### Data for analysis

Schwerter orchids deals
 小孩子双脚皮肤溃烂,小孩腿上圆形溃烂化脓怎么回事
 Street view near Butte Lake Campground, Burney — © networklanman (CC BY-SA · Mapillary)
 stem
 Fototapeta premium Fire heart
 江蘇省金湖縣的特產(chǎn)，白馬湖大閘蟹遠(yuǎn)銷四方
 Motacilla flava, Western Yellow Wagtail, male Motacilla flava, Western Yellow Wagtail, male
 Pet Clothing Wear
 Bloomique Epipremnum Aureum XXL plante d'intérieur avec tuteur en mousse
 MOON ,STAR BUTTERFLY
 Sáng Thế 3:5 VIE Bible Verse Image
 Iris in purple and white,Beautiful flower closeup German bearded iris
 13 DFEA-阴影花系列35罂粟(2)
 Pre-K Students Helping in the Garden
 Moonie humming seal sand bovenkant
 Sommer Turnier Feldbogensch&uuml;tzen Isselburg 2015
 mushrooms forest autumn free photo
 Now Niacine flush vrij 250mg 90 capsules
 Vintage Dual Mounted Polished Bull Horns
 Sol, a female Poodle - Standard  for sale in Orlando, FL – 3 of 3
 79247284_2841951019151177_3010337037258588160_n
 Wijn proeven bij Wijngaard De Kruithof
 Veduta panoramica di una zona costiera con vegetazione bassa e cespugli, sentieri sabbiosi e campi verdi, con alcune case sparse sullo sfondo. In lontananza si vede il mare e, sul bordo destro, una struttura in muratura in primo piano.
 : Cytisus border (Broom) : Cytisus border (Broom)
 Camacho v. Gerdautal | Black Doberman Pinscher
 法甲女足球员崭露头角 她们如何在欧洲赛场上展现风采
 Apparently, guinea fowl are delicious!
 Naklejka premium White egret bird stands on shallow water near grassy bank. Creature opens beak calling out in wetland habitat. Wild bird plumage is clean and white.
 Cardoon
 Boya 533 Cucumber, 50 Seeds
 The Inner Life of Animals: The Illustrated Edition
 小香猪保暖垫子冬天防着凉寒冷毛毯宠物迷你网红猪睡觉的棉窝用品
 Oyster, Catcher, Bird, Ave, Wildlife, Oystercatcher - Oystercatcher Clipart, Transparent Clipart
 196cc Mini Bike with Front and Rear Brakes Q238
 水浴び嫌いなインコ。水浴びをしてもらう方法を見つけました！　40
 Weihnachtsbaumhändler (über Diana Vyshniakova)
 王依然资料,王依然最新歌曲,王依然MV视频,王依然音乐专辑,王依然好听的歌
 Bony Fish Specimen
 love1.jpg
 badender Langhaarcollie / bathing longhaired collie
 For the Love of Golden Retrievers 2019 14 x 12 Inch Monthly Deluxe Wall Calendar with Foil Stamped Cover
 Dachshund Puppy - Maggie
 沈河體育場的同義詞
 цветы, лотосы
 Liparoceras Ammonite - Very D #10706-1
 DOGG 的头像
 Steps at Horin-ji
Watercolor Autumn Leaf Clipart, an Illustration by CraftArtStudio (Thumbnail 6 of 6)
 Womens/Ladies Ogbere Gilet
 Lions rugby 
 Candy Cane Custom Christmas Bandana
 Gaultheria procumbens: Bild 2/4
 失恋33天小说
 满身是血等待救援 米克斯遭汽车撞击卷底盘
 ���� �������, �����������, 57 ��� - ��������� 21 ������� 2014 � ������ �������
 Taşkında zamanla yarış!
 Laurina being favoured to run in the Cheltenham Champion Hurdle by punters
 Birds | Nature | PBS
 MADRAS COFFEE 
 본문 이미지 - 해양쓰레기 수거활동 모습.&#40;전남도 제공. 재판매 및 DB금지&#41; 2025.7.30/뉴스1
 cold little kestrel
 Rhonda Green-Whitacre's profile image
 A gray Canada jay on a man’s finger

######

§ What you need to do
The lines from the one containing "For the Love" through the last line of the material above are to be copied exactly, both ends included.

§ Answer section
 For the Love of Golden Retrievers 2019 14 x 12 Inch Monthly Deluxe Wall Calendar with Foil Stamped Cover
 Dachshund Puppy - Maggie
 沈河體育場的同義詞
 цветы, лотосы
 Liparoceras Ammonite - Very D #10706-1
 DOGG 的头像
 Steps at Horin-ji
Watercolor Autumn Leaf Clipart, an Illustration by CraftArtStudio (Thumbnail 6 of 6)
 Womens/Ladies Ogbere Gilet
 Lions rugby 
 Candy Cane Custom Christmas Bandana
 Gaultheria procumbens: Bild 2/4
 失恋33天小说
 满身是血等待救援 米克斯遭汽车撞击卷底盘
 ���� �������, �����������, 57 ��� - ��������� 21 ������� 2014 � ������ �������
 Taşkında zamanla yarış!
 Laurina being favoured to run in the Cheltenham Champion Hurdle by punters
 Birds | Nature | PBS
 MADRAS COFFEE 
 본문 이미지 - 해양쓰레기 수거활동 모습.&#40;전남도 제공. 재판매 및 DB금지&#41; 2025.7.30/뉴스1
 cold little kestrel
 Rhonda Green-Whitacre's profile image
 A gray Canada jay on a man’s finger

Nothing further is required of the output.